▶ [Source data]:
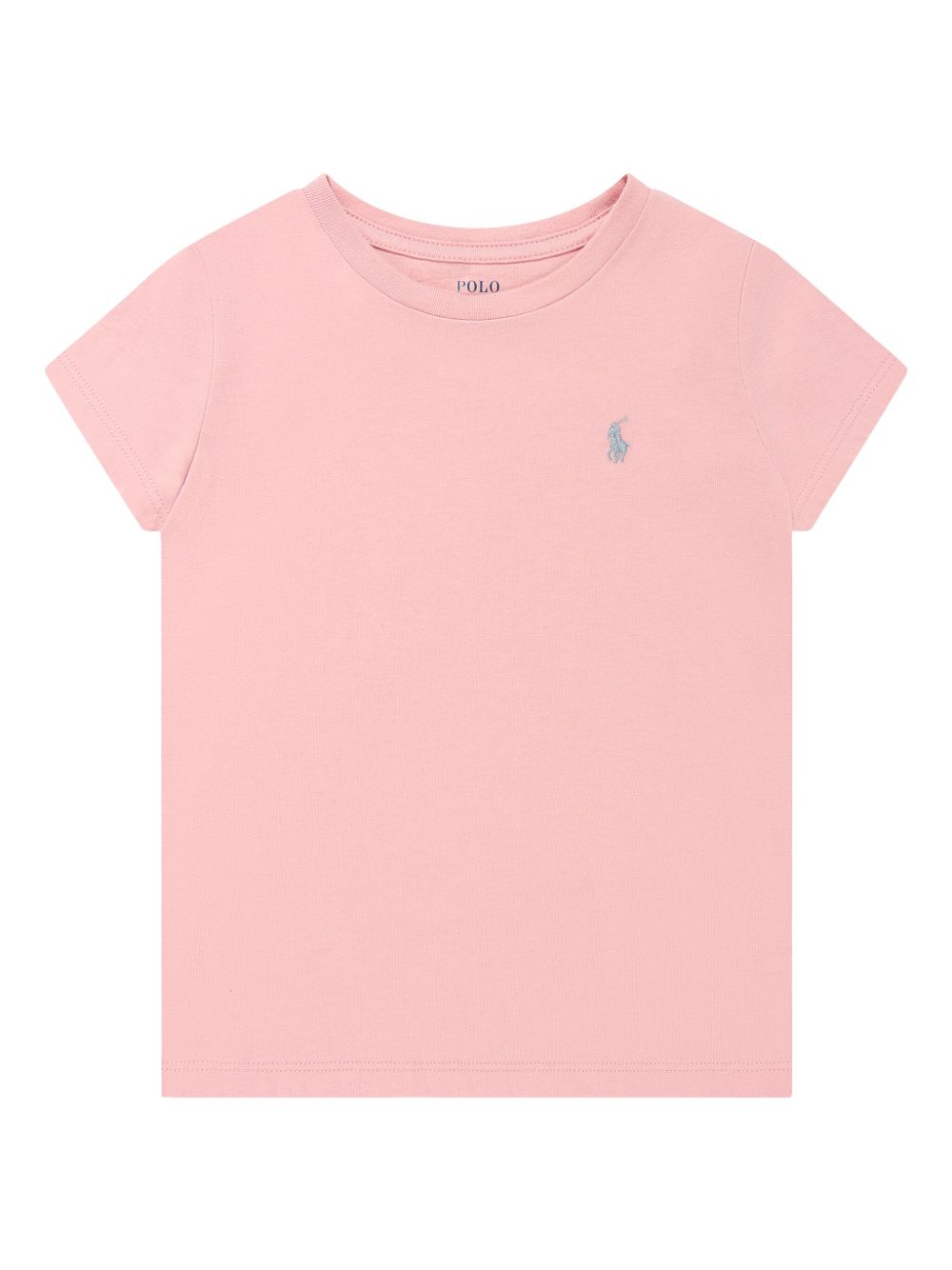 POLO RALPH LAUREN KIDS Polo Pony T恤 - 粉色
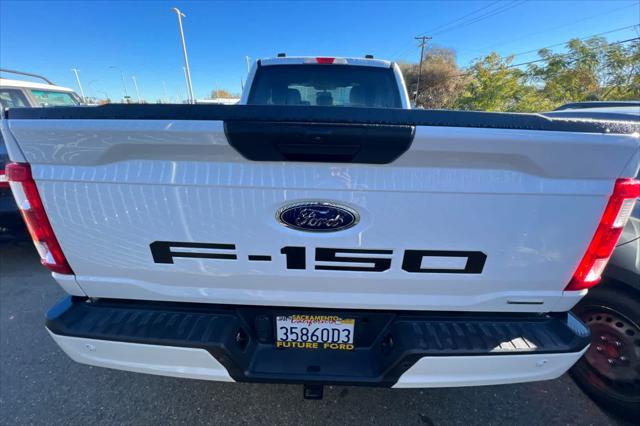 used 2021 Ford F-150 car, priced at $27,999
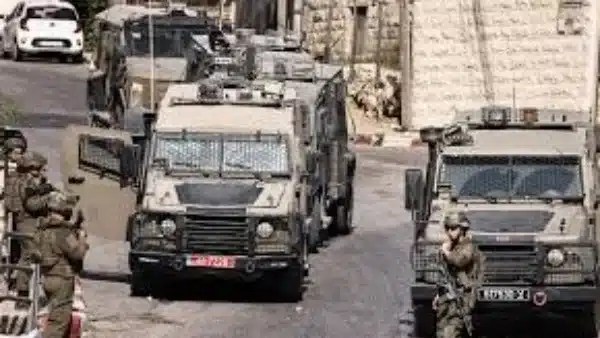 اقتحامات الاحتلال الإسرائيلي في الخليل وطوباس وبيت لحم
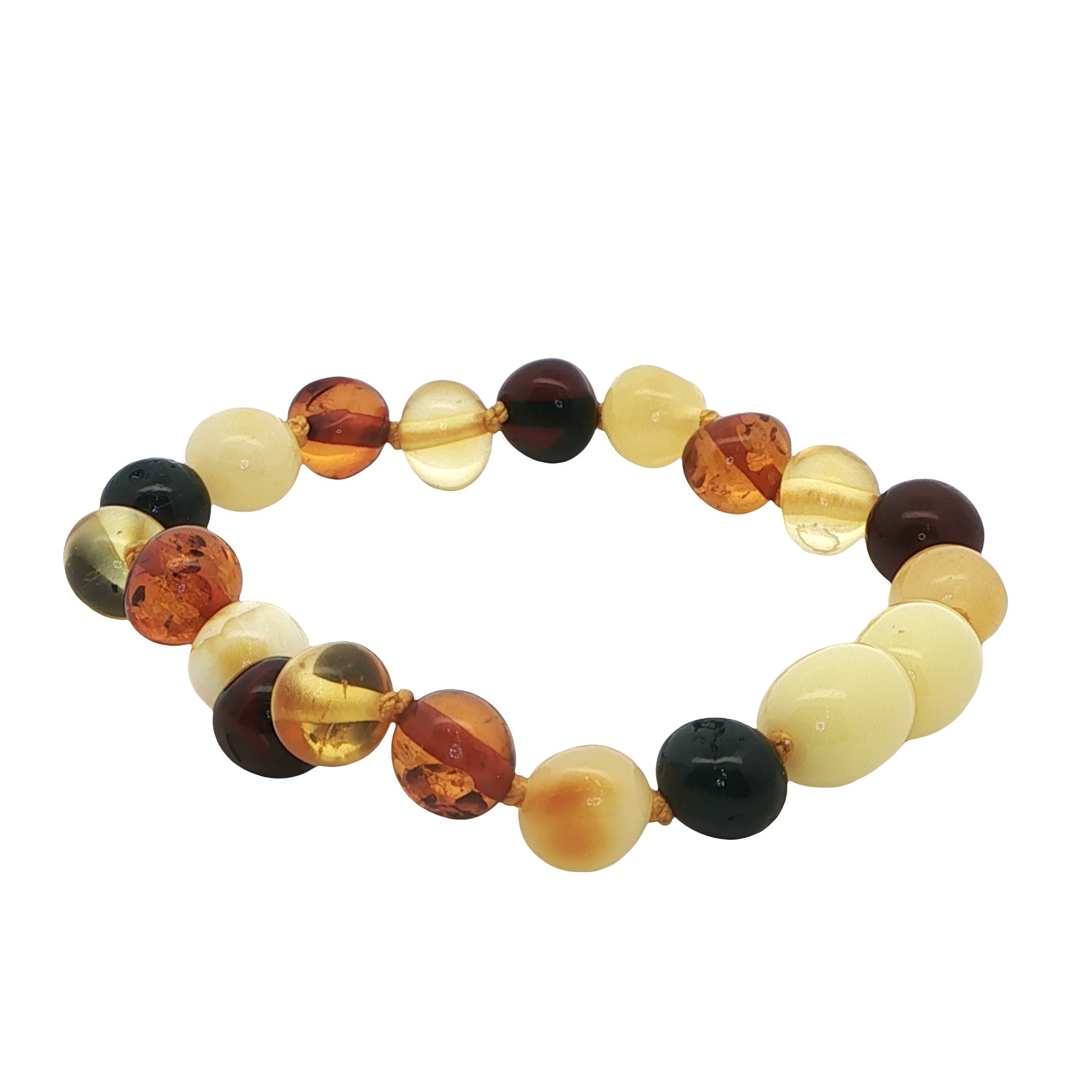 Acar Gold Kehribar Bileklik - BL05910S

▶ [Your goal]:
A word-for-word copy of all the data, without pictures, is the expected output.

▶ [Answer below]:
 POLO RALPH LAUREN KIDS Polo Pony T恤 - 粉色
 used 2021 Ford F-150 car, priced at $27,999
 اقتحامات الاحتلال الإسرائيلي في الخليل وطوباس وبيت لحم
 Acar Gold Kehribar Bileklik - BL05910S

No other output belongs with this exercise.